Take the entries below and reproduce exactly the portion that begins at the line containing "Trafik sıkışıklığı sırasında" and ends at the line containing "Barami Couture 2pc Skirt Suite Size 12", keeping both ends, dropping pictures, and adding nothing else.

- [Listed entries]
──────

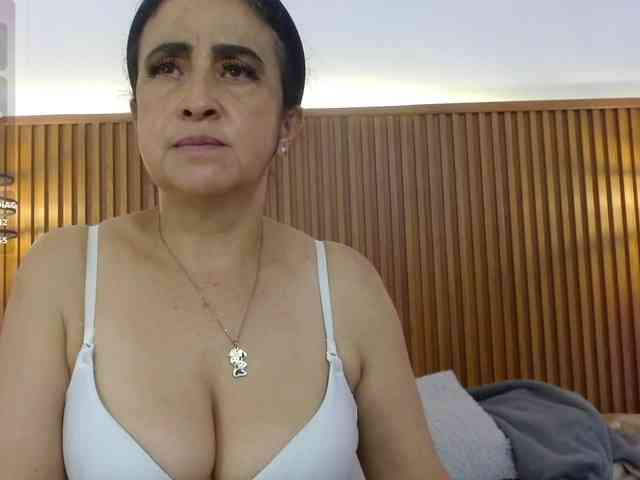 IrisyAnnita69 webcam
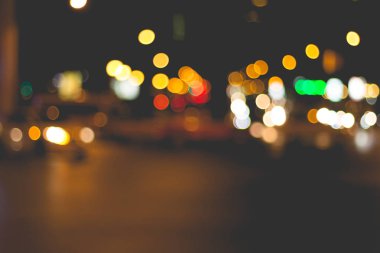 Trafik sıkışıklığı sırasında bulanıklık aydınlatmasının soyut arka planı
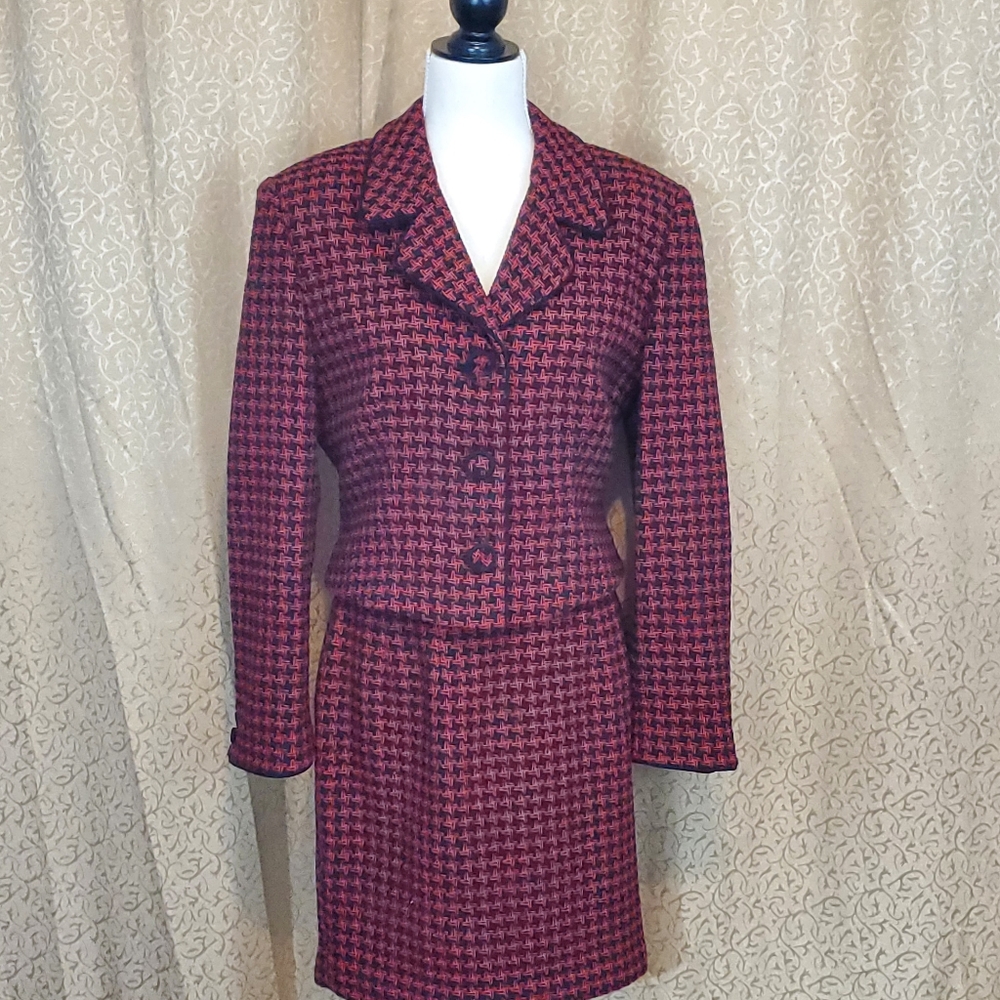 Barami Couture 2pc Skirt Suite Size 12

──────

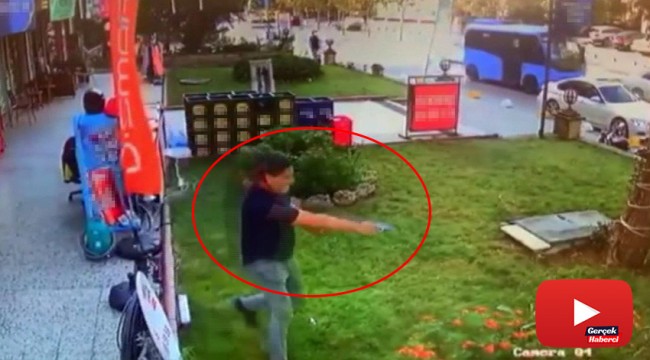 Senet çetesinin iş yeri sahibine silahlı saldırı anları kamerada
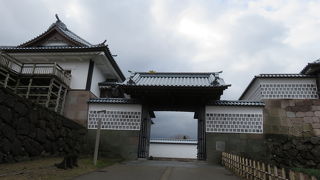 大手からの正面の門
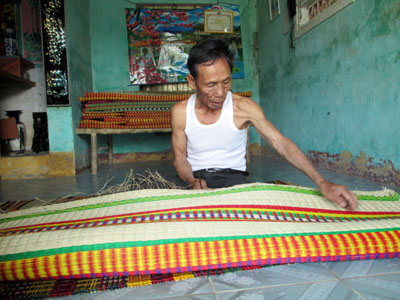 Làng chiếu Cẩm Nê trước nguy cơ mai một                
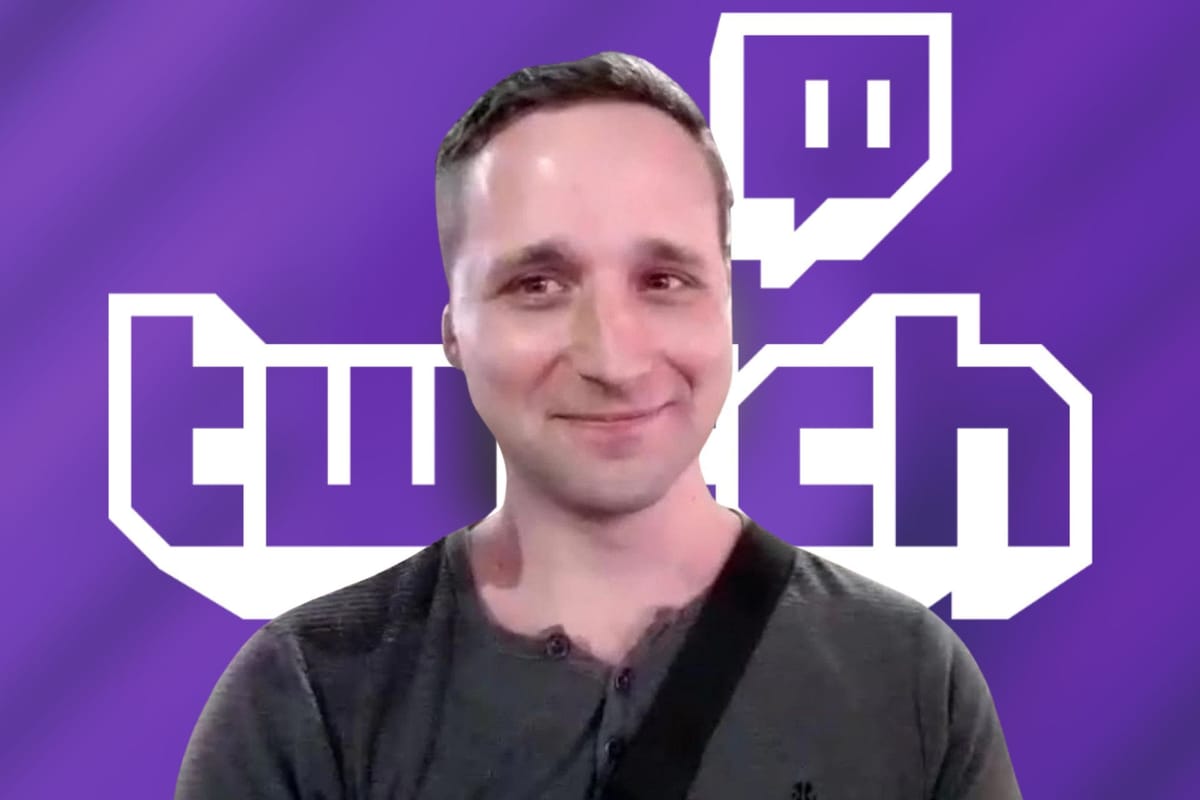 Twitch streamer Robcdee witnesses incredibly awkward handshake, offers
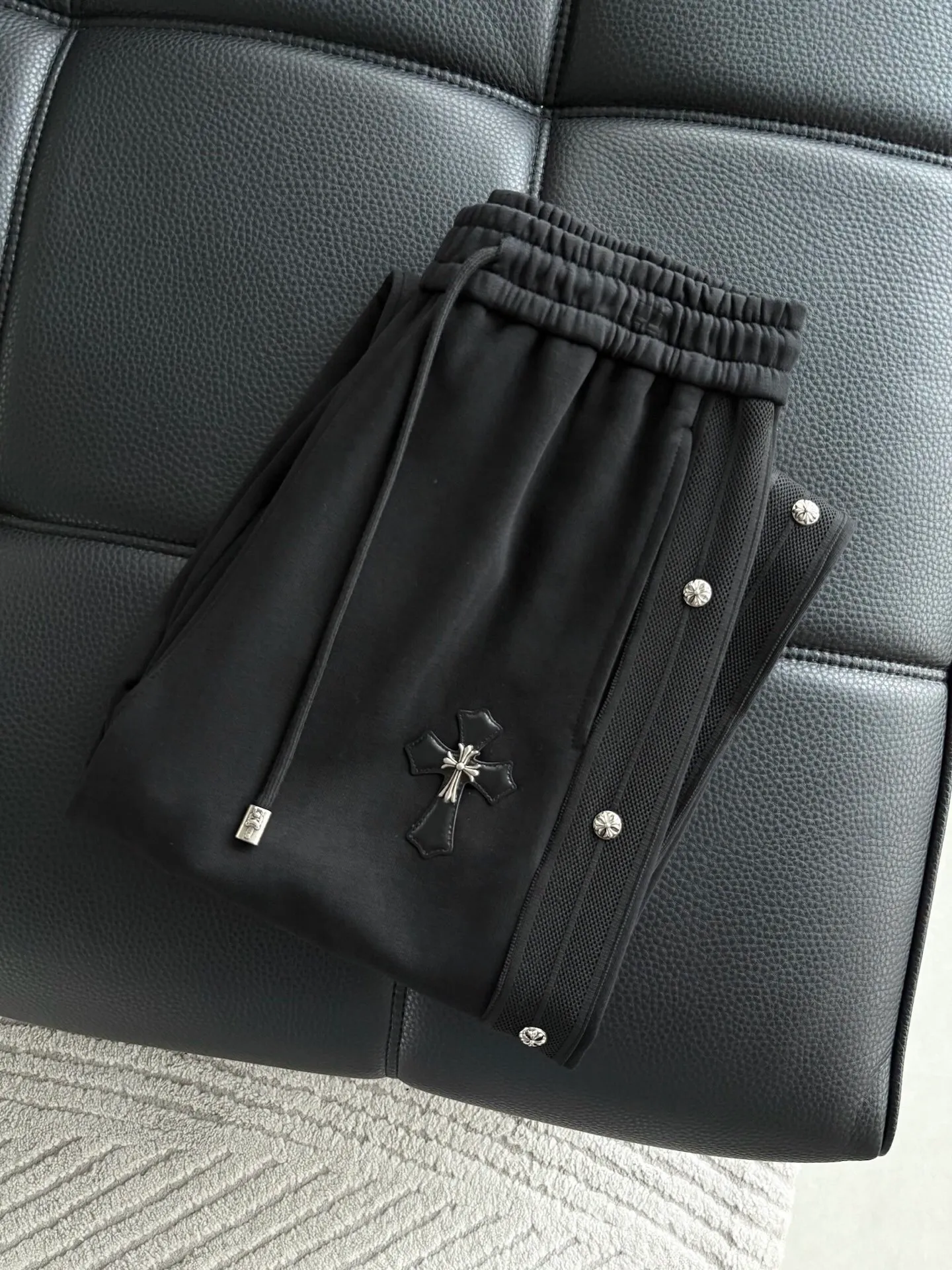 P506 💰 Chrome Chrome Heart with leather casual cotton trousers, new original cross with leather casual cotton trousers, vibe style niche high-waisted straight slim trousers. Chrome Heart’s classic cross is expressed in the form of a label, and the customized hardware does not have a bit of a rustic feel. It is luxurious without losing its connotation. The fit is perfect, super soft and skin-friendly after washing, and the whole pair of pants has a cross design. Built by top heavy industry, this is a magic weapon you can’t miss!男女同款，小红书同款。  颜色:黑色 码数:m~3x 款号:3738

──────

- [Answer box]
 Trafik sıkışıklığı sırasında bulanıklık aydınlatmasının soyut arka planı
 Barami Couture 2pc Skirt Suite Size 12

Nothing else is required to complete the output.